Data below:
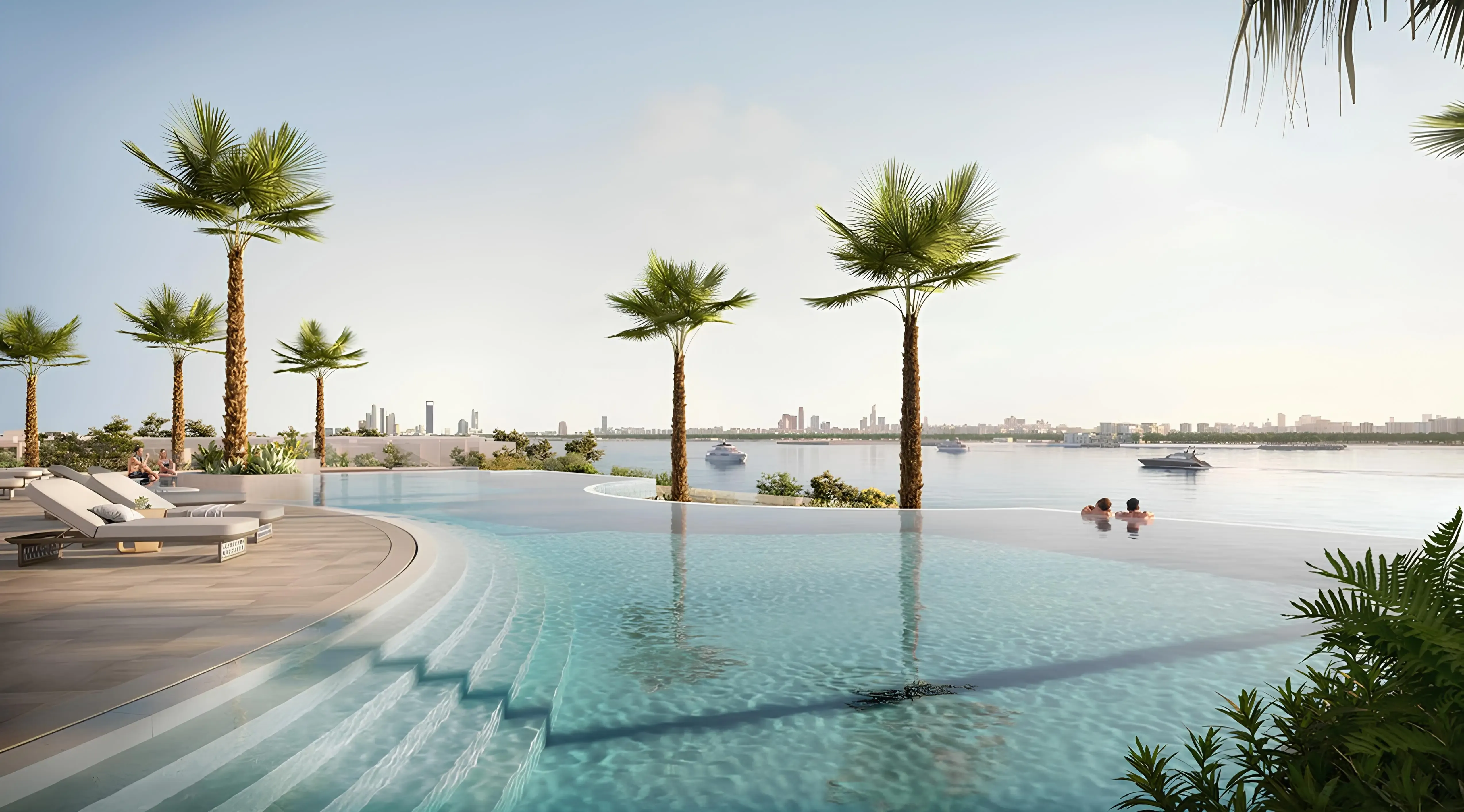Bashayer Residences, image 5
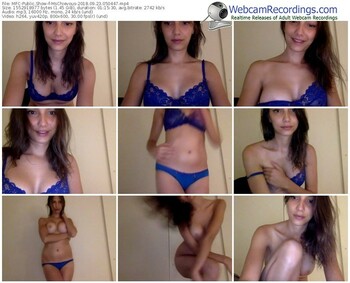 myfreecams-mschievous-webcam-show-09_23_2018-05_04_47
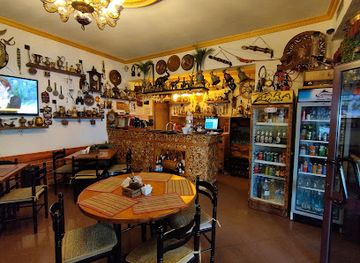 albania/tomorr-mountain/restaurant/zgara-zaloshnja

Directions: The whole listing should be restated word for word, with no pictures.

Output of the exercise:
Bashayer Residences, image 5
 myfreecams-mschievous-webcam-show-09_23_2018-05_04_47
 albania/tomorr-mountain/restaurant/zgara-zaloshnja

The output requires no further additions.